Data section
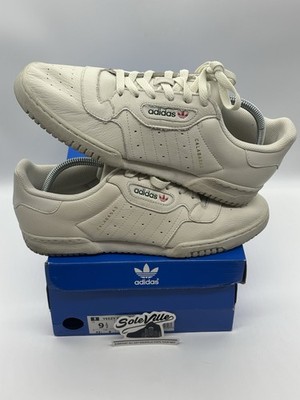 Yeezy Powerphase Calabasas core white - size 9.5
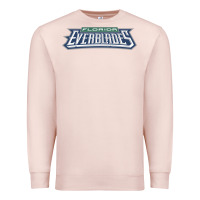 Pale Pink florida everblades Premium Sweatshirt - linhVisuals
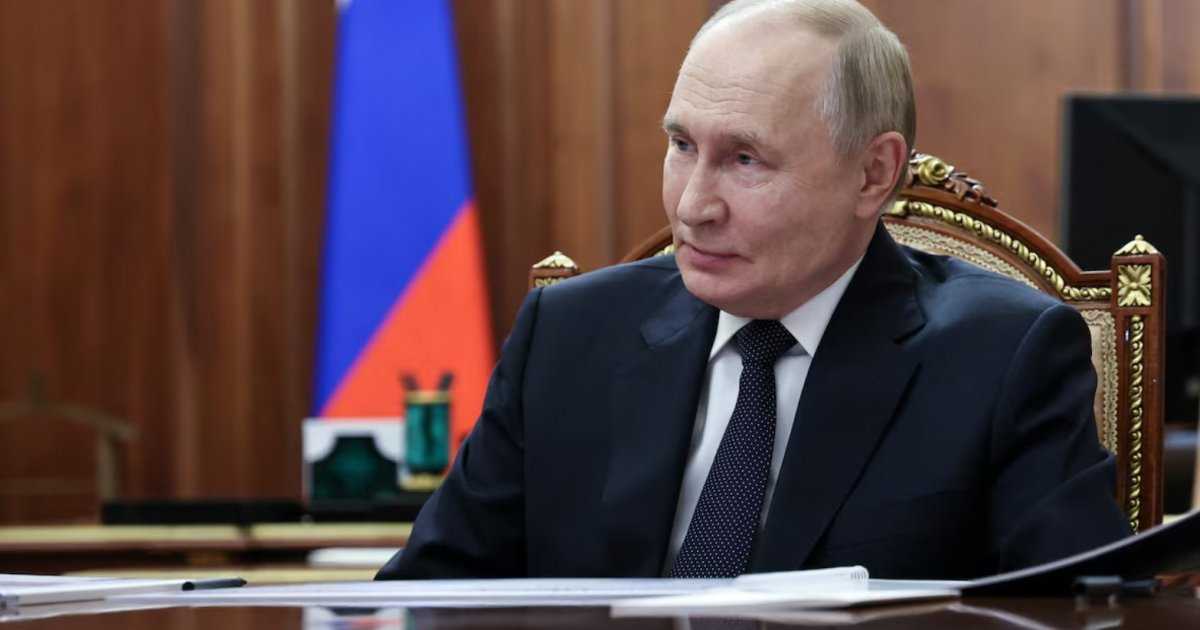 ইউক্রেনে রুশ পরিচয় জোরদারের নির্দেশ পুতিনের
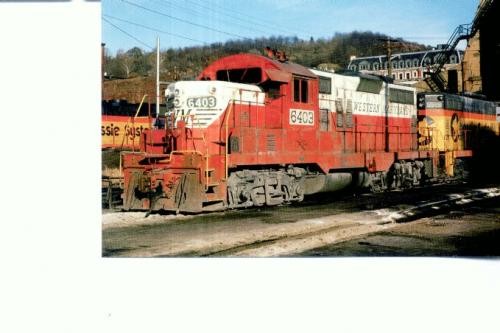 CP83 Tematica trenuri (B8) -necirculata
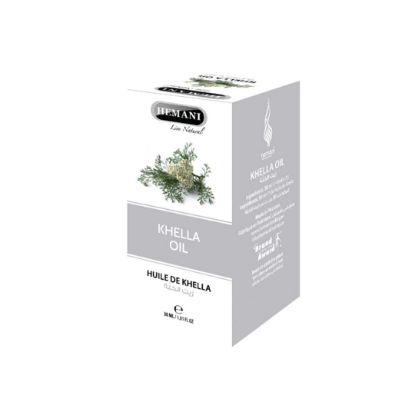 Picture of Pack of 3 (Herbal Oil 30ml - Khella)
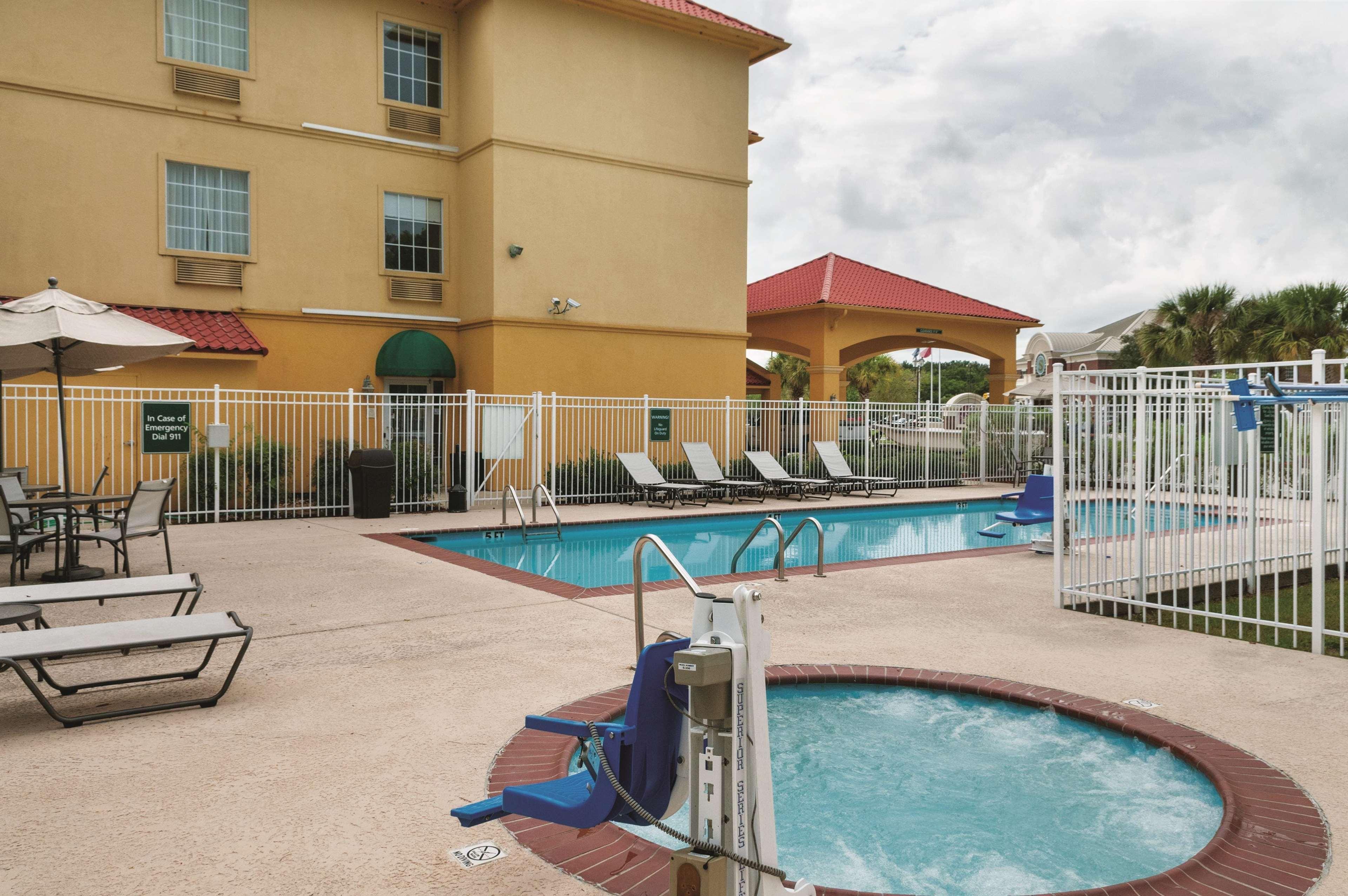 La Quinta By Wyndham Houma Hotel Buitenkant foto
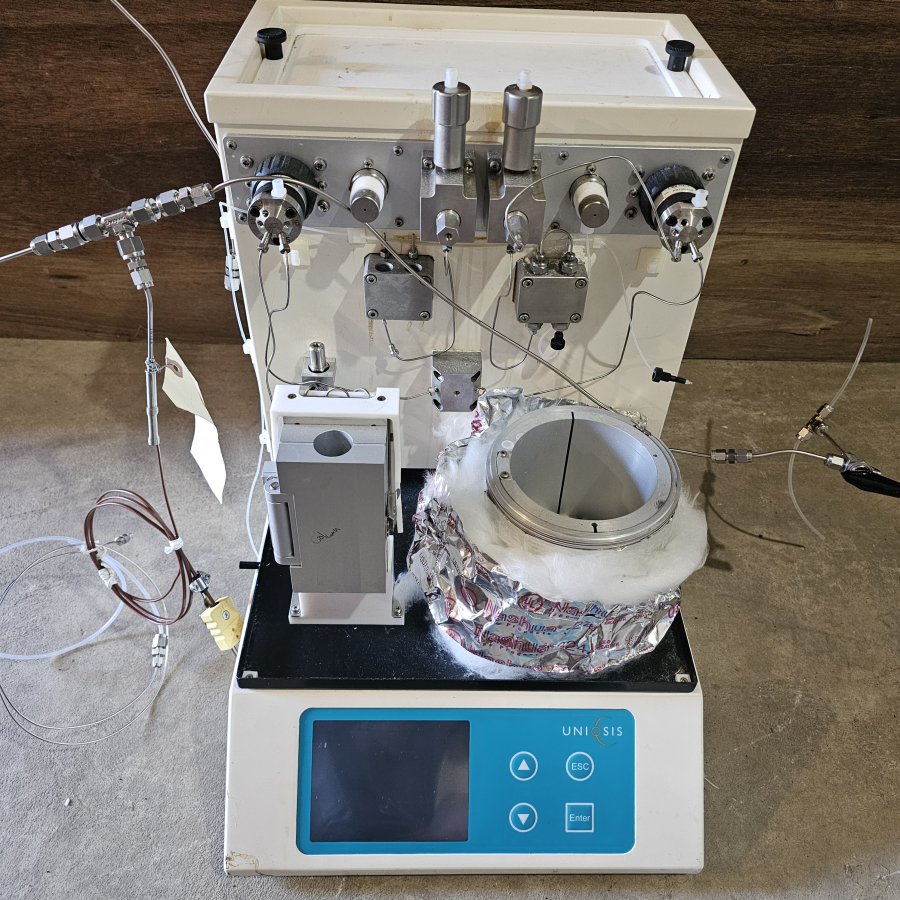 Flowsyn Uniqsis Integrated Continuous Flow Reactor; SN:5800005, photo 9 of 20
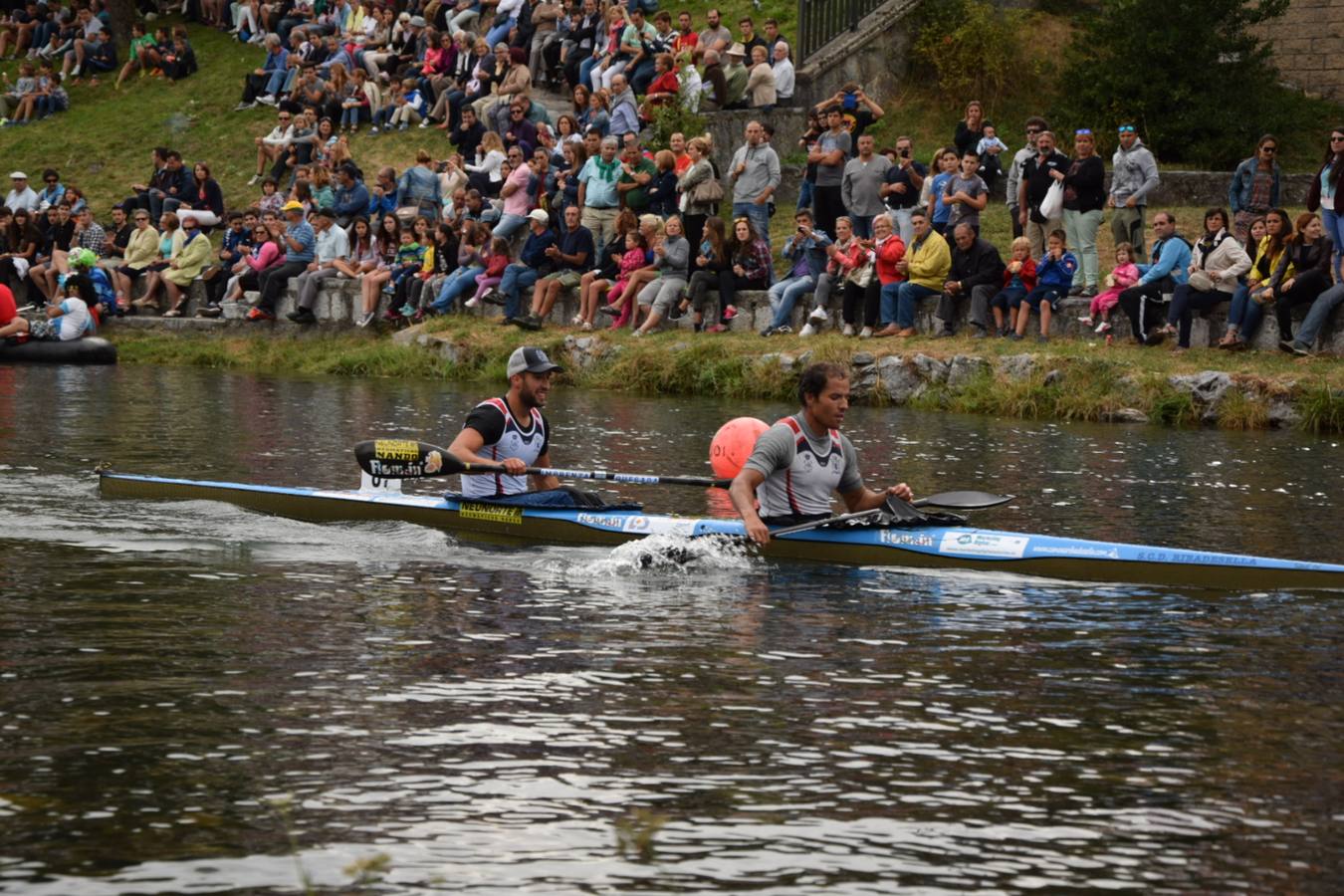 Regata en Velilla (2/2)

Action item
Please retype exactly the lines from the line containing "Flowsyn Uniqsis Integrated" through the final line of the records above, inclusive, leaving out any pictures.

Task answer
 Flowsyn Uniqsis Integrated Continuous Flow Reactor; SN:5800005, photo 9 of 20
 Regata en Velilla (2/2)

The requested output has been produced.